This exercise asks for the entries to be repeated exactly, without their images.

*** Material for this task ***

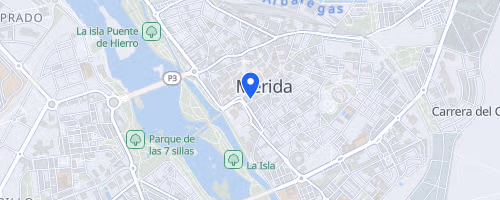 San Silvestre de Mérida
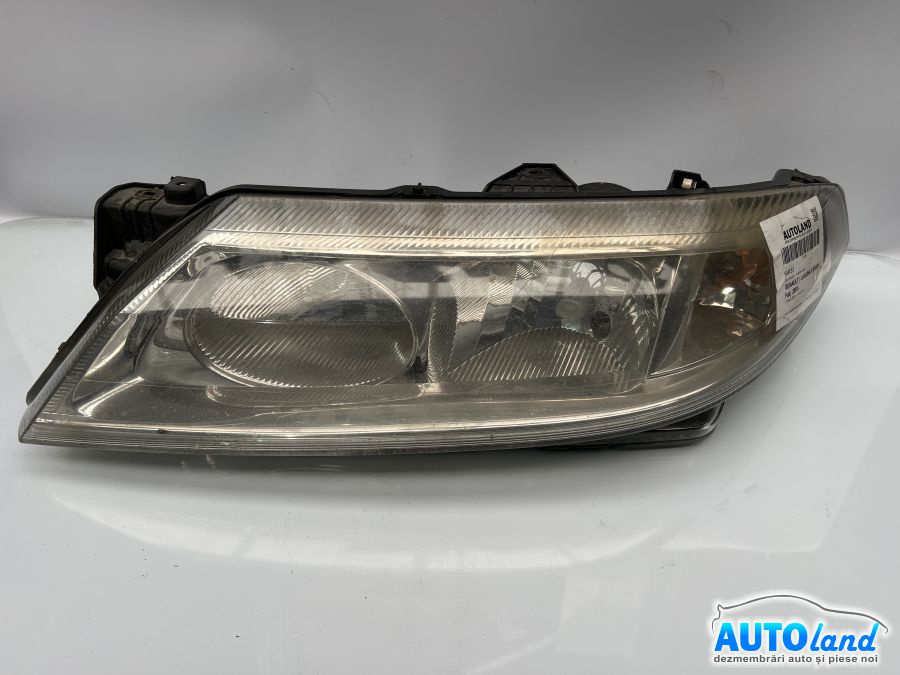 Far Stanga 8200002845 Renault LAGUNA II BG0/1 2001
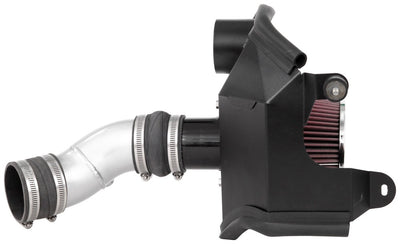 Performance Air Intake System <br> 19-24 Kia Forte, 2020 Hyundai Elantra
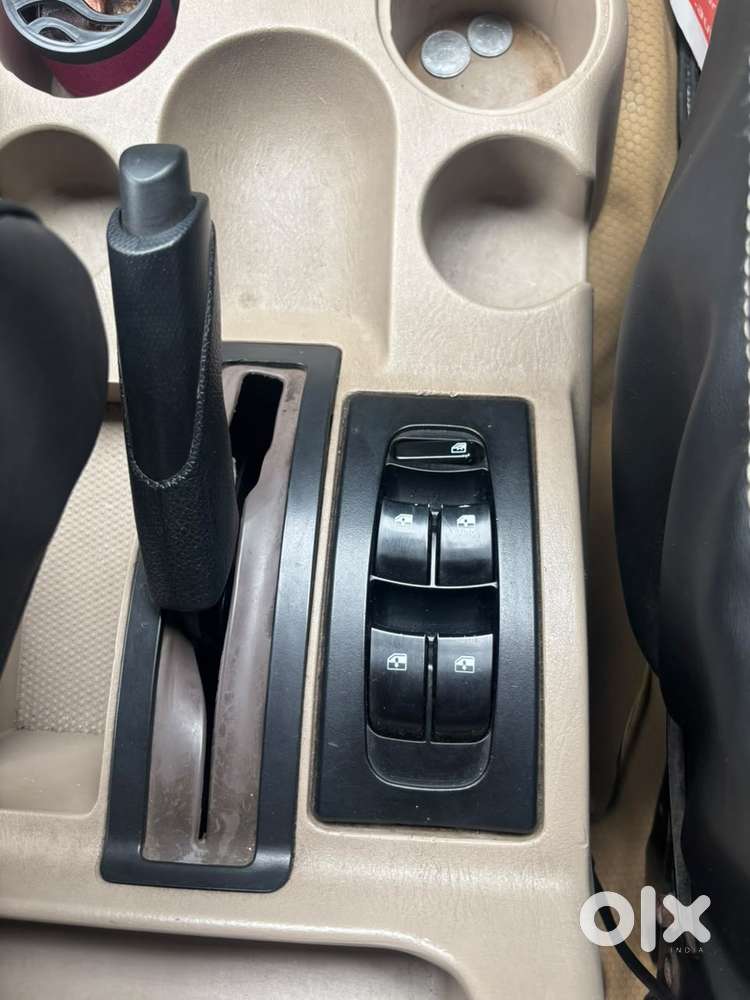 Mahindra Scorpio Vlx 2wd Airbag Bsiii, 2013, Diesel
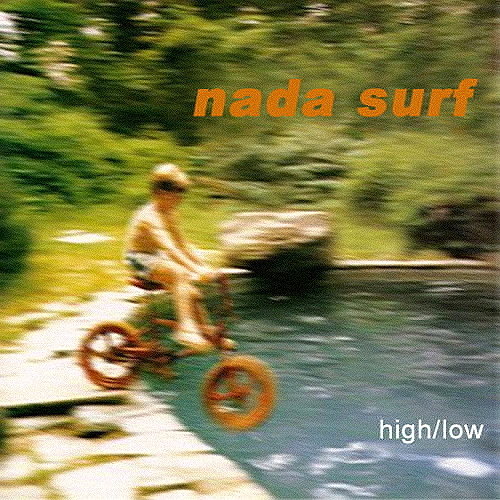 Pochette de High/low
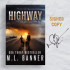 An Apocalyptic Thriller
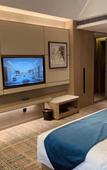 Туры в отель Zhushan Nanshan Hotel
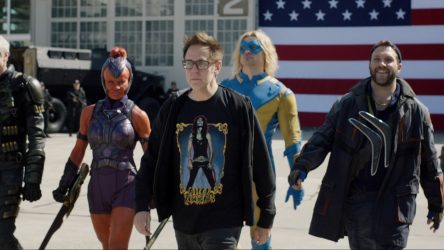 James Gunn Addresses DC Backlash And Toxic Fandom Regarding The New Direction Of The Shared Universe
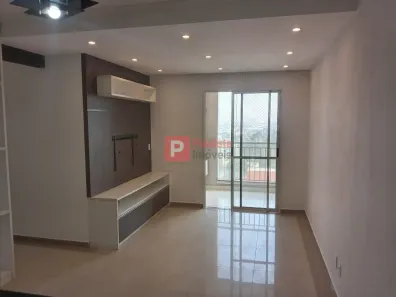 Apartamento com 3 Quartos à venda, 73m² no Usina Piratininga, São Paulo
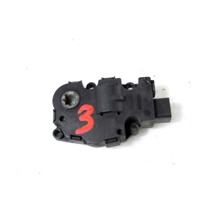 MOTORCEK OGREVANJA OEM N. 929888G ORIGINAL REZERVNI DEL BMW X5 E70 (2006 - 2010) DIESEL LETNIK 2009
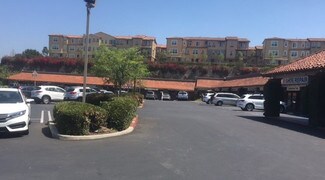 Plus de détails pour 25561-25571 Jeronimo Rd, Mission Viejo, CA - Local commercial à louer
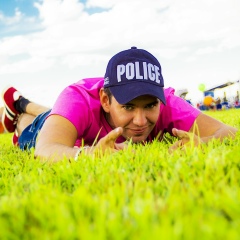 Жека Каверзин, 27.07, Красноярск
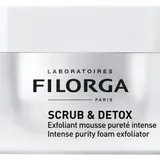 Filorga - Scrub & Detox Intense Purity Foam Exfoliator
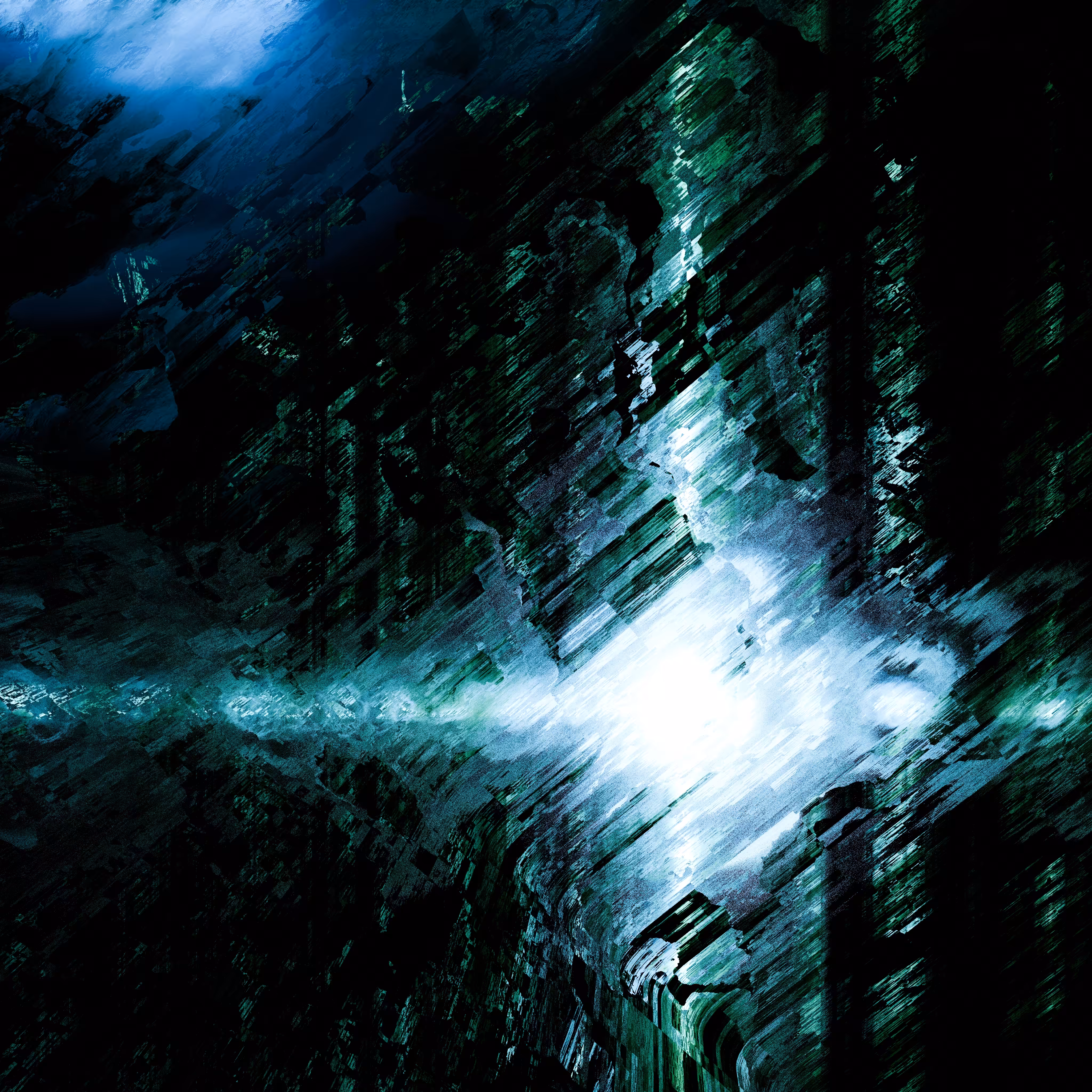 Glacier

*** End of Material for this task ***

• [Task solution]:
 San Silvestre de Mérida
 Far Stanga 8200002845 Renault LAGUNA II BG0/1 2001
 Performance Air Intake System <br> 19-24 Kia Forte, 2020 Hyundai Elantra
 Mahindra Scorpio Vlx 2wd Airbag Bsiii, 2013, Diesel
 Pochette de High/low
 An Apocalyptic Thriller
 Туры в отель Zhushan Nanshan Hotel
 James Gunn Addresses DC Backlash And Toxic Fandom Regarding The New Direction Of The Shared Universe
 Apartamento com 3 Quartos à venda, 73m² no Usina Piratininga, São Paulo
 MOTORCEK OGREVANJA OEM N. 929888G ORIGINAL REZERVNI DEL BMW X5 E70 (2006 - 2010) DIESEL LETNIK 2009
 Plus de détails pour 25561-25571 Jeronimo Rd, Mission Viejo, CA - Local commercial à louer
 Жека Каверзин, 27.07, Красноярск
 Filorga - Scrub & Detox Intense Purity Foam Exfoliator
 Glacier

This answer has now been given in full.